EE rebound is often treated as a failure. Many in the EE community act as if it is our dirty secret and claim that it is minimal. Some opponents of government policies to support energy efficiency investment argue that rebound is so large that it wipes out the entire energy savings from the investment, an outcome given the evocative name of “backfire”.
I’ve been reading a lot about rebound lately (and am working on a paper on the subject). I’m convinced that EE rebound is quite significant, though it’s very unlikely to make it all the way to backfire in most cases.
But here’s the more important point: Rebound is a good thing. It’s economic value creation. When your car gets better fuel economy, you are better off even if you drive no more. But if you find new valuable uses for the car now that it is cheaper to run, then you are getting even more value out of the car than you would if the improved fuel economy didn’t change your use of it. Likewise, leaving those lights on when you go out has real value. It wasn’t valuable enough when you had the old expensive lights, but with low-cost CFLs, it’s worth lighting your path, so you don’t have to feel around in the dark or risk running over the toys that were left in the driveway. Rebound is a benefit of EE investment, not a drawback. It signals that the investment has made consumers even better off than the simple gain from using less energy when you do the same thing.

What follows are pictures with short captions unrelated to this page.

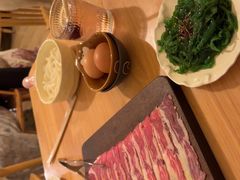-柴の食堂·日式家庭料理·熊之肆(大学路店)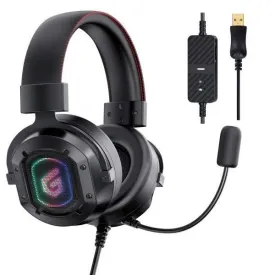 conceptronic-usb-rgb-7.1-gamingheadset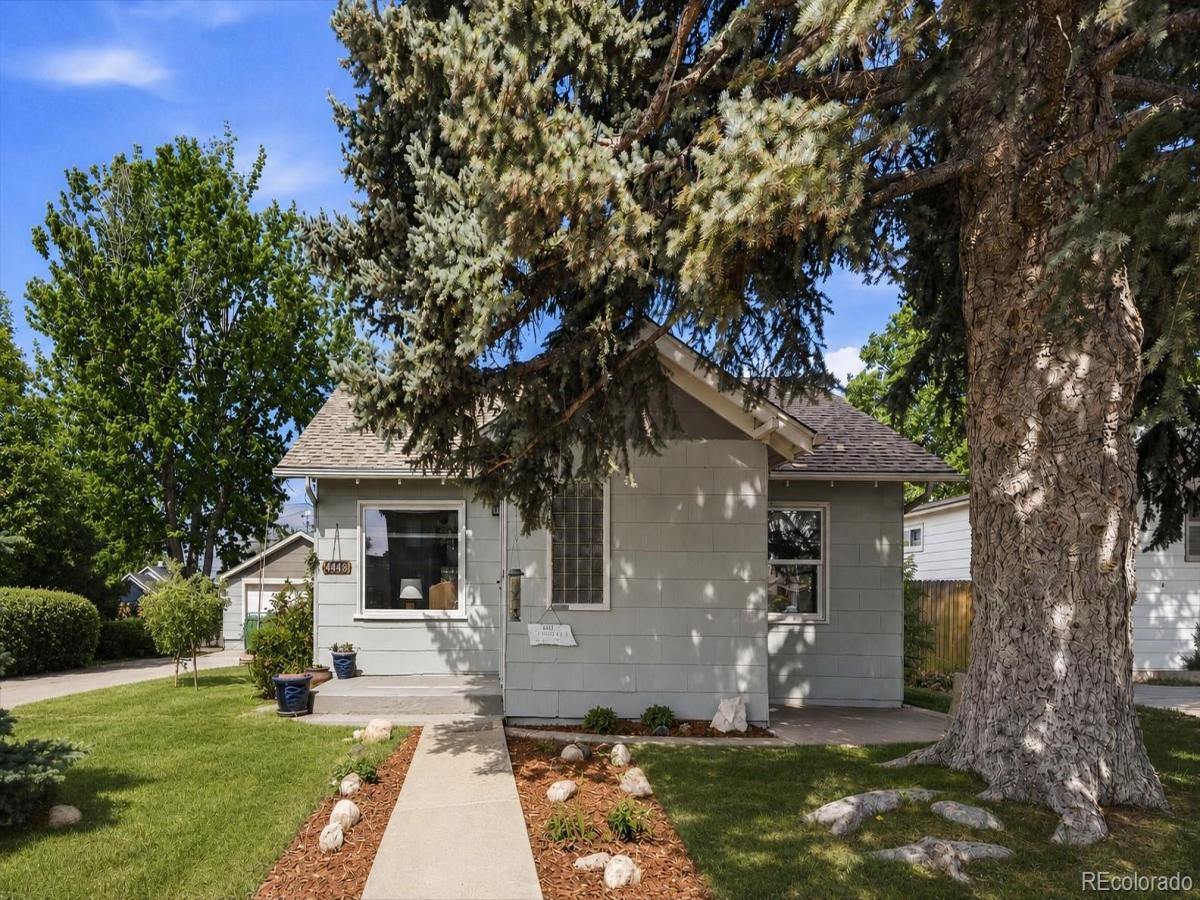 MLS #REC6659083 image #0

If you are worried about GHG emissions, however, that view of rebound may be cold comfort. But take heart: The consumer’s extra gain from rebound can support policies to reduce GHGs. An example:
A new insulation technology would make a home more energy efficient, but would cost about as much as (or maybe even a bit more than) it would save the consumer given their typical thermostat settings. With the greater energy efficiency, however, the consumer keeps the house at a warmer temperature in the winter and cooler in the summer, because the extra comfort is less expensive after the EE improvement. That is extra value to the consumer. If the no-rebound energy savings calculation was about (or not quite) break-even, the extra value from a more comfortable temperature setting makes it a winner for the consumer.
More generally (and speaking in economics now), the consumer surplus gain from rebound means that more complementary policies that decrease GHGs, such as a simultaneous tax increase on electricity, can be adopted while still leaving the consumer better off.
Opposing energy efficiency because it causes rebound makes no more sense than opposing innovations in electronics because they increase energy use. Any value-creating activity is likely to boost energy consumption. The question is how we channel that value creation, and whether we are wise enough to use our newfound wealth to solve society’s most pressing problems, including climate change.